WHAT YOU WILL DO =
Reproduce exactly, and only, the lines of the material below running from the line bearing "Miroir Poppy" through the line bearing "Imagem Sobrado para". Leave any pictures out.

### DATASET RECORDS

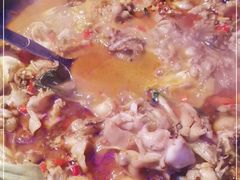 -蛙来哒(大汉悦中心店)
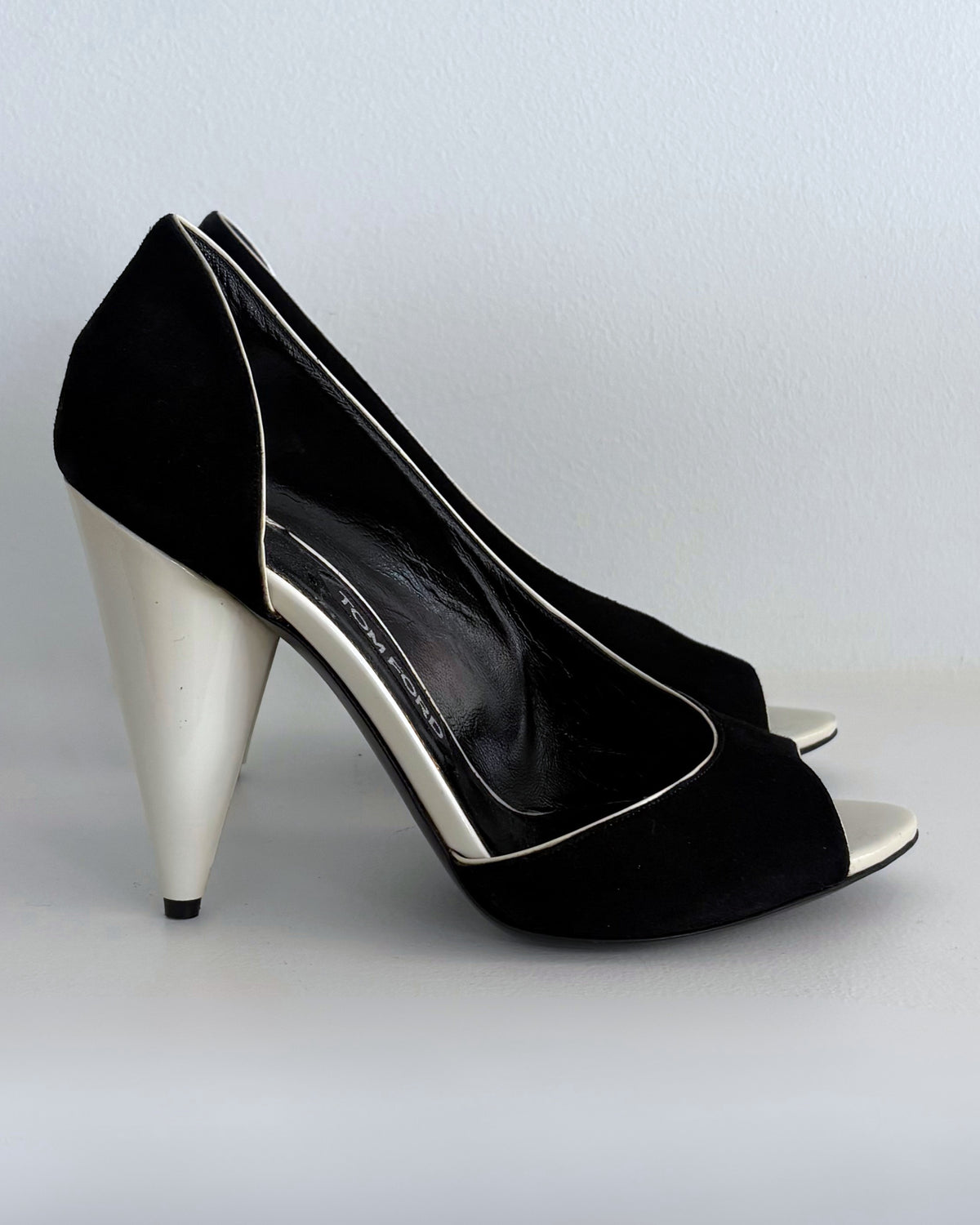 Tom Ford Heels
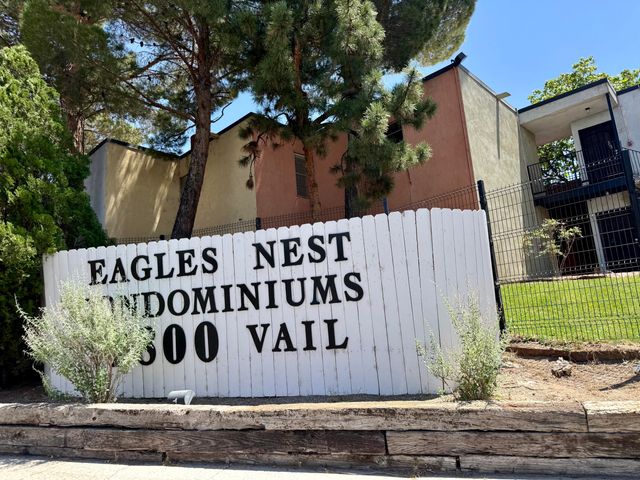 2800 Vail Avenue SE UNIT 232, Albuquerque, NM 87106
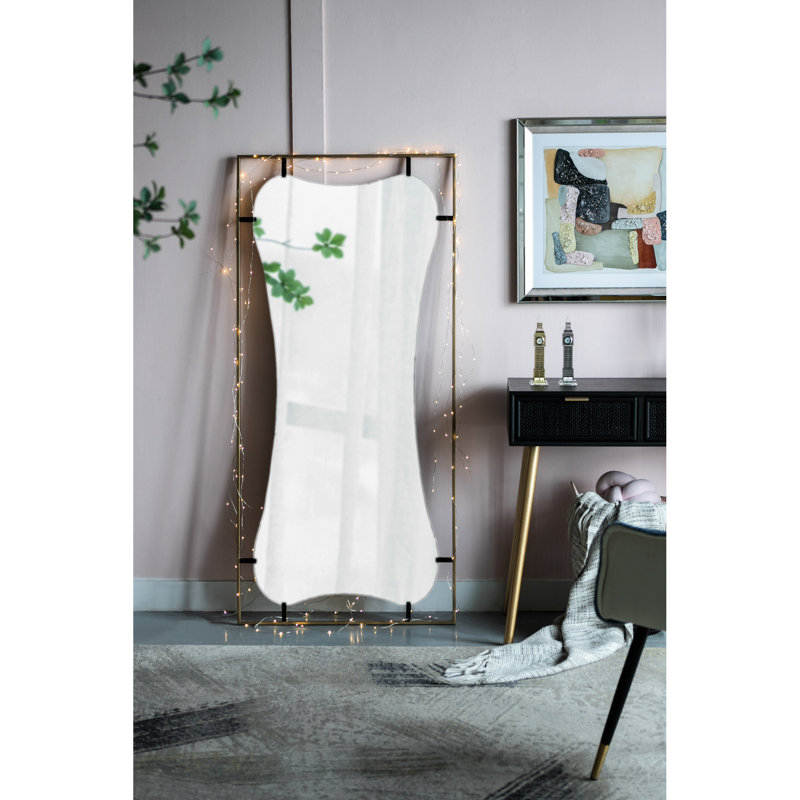 Miroir Poppy
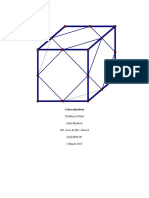 Cuboctahedron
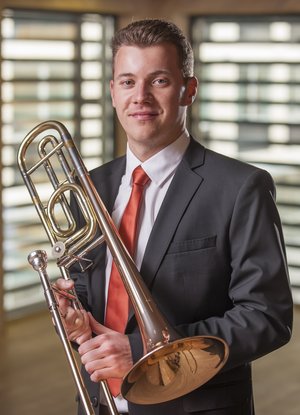 Sztán Attila diplomakoncertje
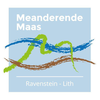 Meanderende Maas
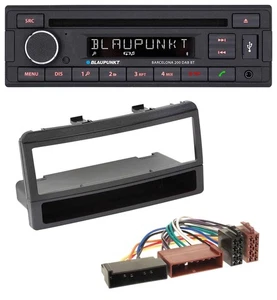 Blaupunkt USB DAB CD Bluetooth MP3 Autoradio für Ford Mondeo 96-02 Puma Transit - Bild 1 von 9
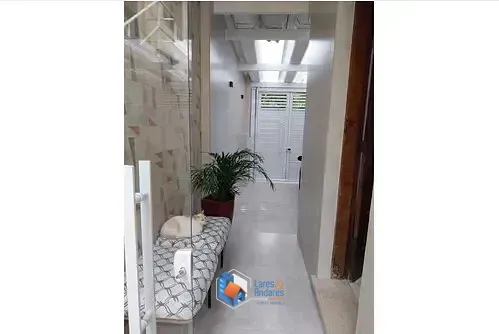 Imagem Sobrado para venda e locação em Jardim Santo Elias com 2 quartos, 130m²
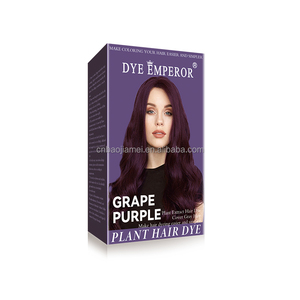 <span class=keywords><strong>Tinte</strong></span> Permanente para el Cabello en Crema, 12 Colores, <span class=keywords><strong>Sin</strong></span> Amoníaco, Ingredientes Naturales, Fórmula No Dañina, Precio de Fábrica, Superventas - Product Image 2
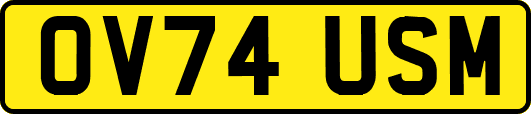 OV74USM
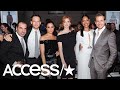 Meghan Markle's 'Suits' Co-Stars Arrive In England For The Royal Wedding!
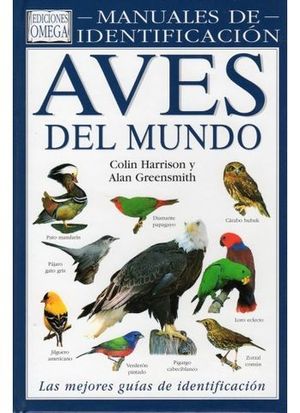 AVES DEL MUNDO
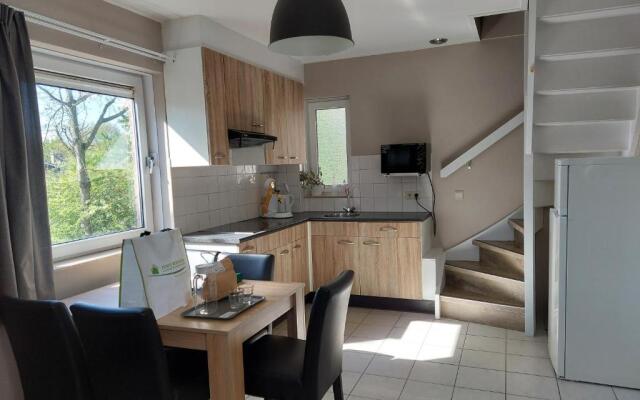 Fewo Oostkapelle appartement 3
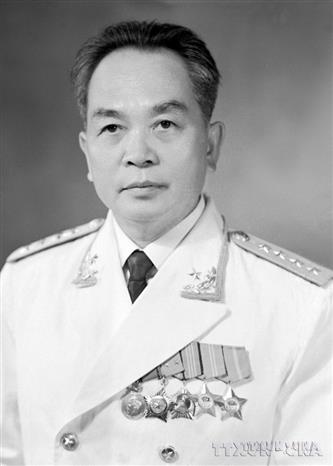 Kỷ niệm 115 năm Ngày sinh Đại tướng Võ Nguyên Giáp (25/8/1911 - 25/8/2026): Tri ân vị tướng của lòng dân - Ảnh 1.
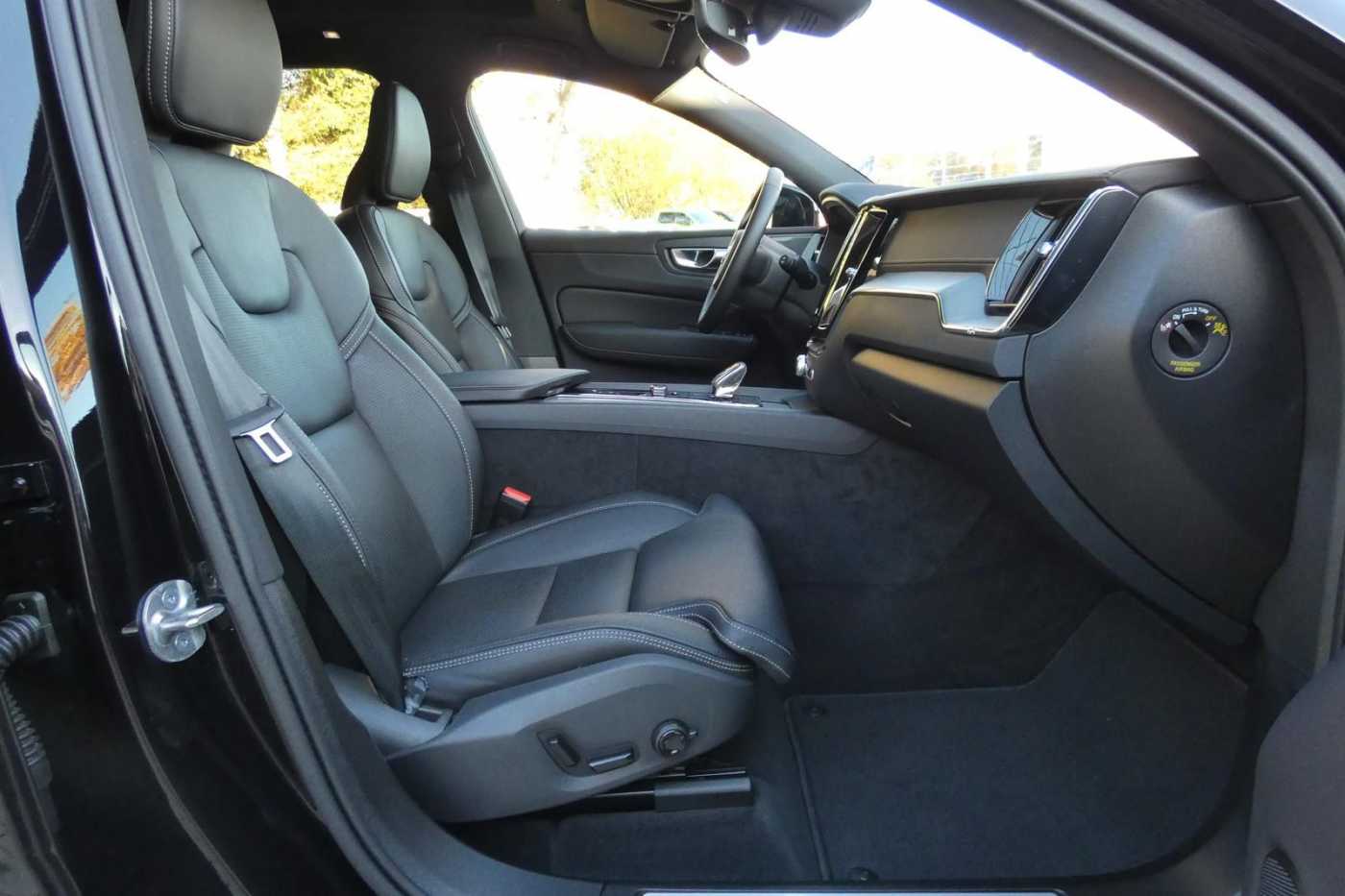 Volvo XC60 – Bild 15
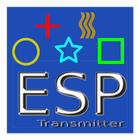 ESP Transmitter icon
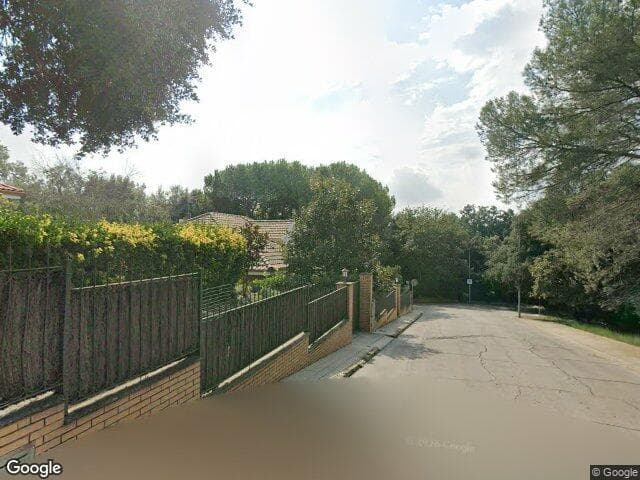 Casa/Chalet en Barcelona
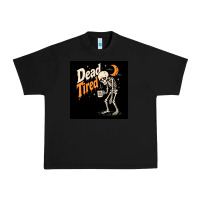 Dead Tired Urban Heavy Tee | Teevron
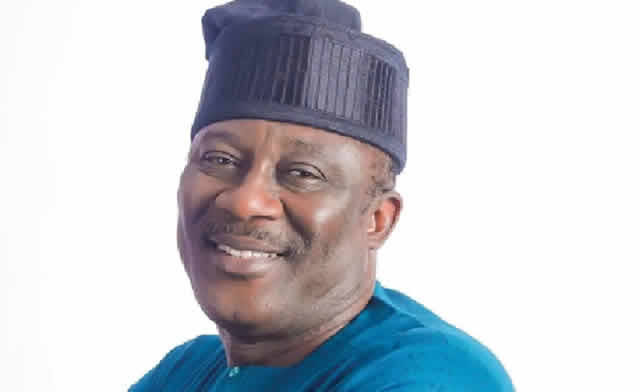 Kogi West: Smart Adeyemi Loses 4th Term Senatorial Bid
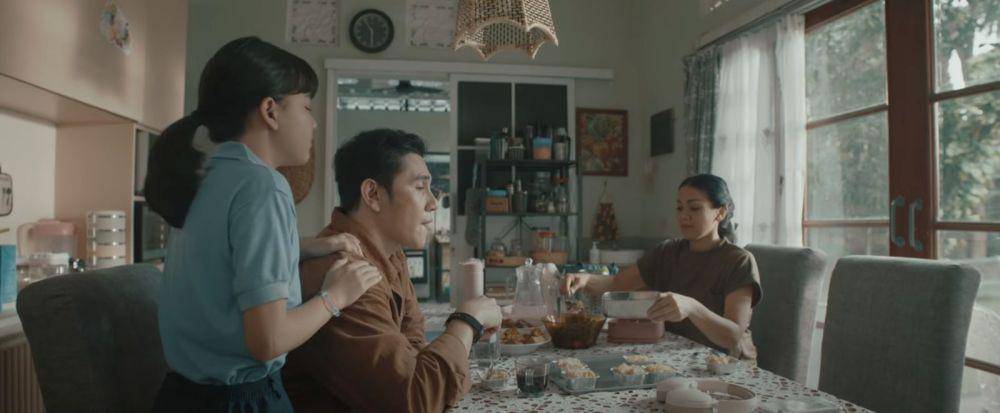 Sinopsis film Hanya Namamu Dalam Doaku (Youtube.com/Sinemaku Pictures)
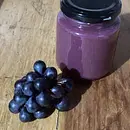 Geleia de Uva - zero açúcar 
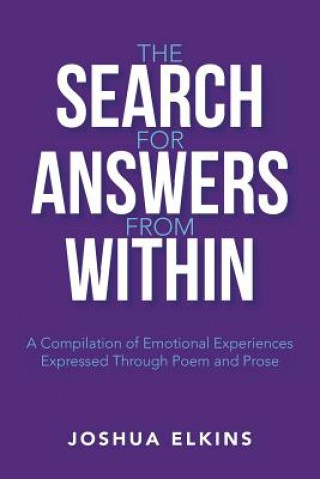 Carte Search for Answers from Within Joshua Elkins
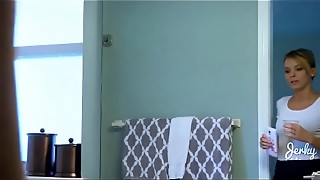 blowjob, car, compilation, fetish, handjob, milf, mom, oral, petite, small tits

######

ANSWER SPACE =
 Miroir Poppy
 Cuboctahedron
 Sztán Attila diplomakoncertje
 Meanderende Maas
 Blaupunkt USB DAB CD Bluetooth MP3 Autoradio für Ford Mondeo 96-02 Puma Transit - Bild 1 von 9
 Imagem Sobrado para venda e locação em Jardim Santo Elias com 2 quartos, 130m²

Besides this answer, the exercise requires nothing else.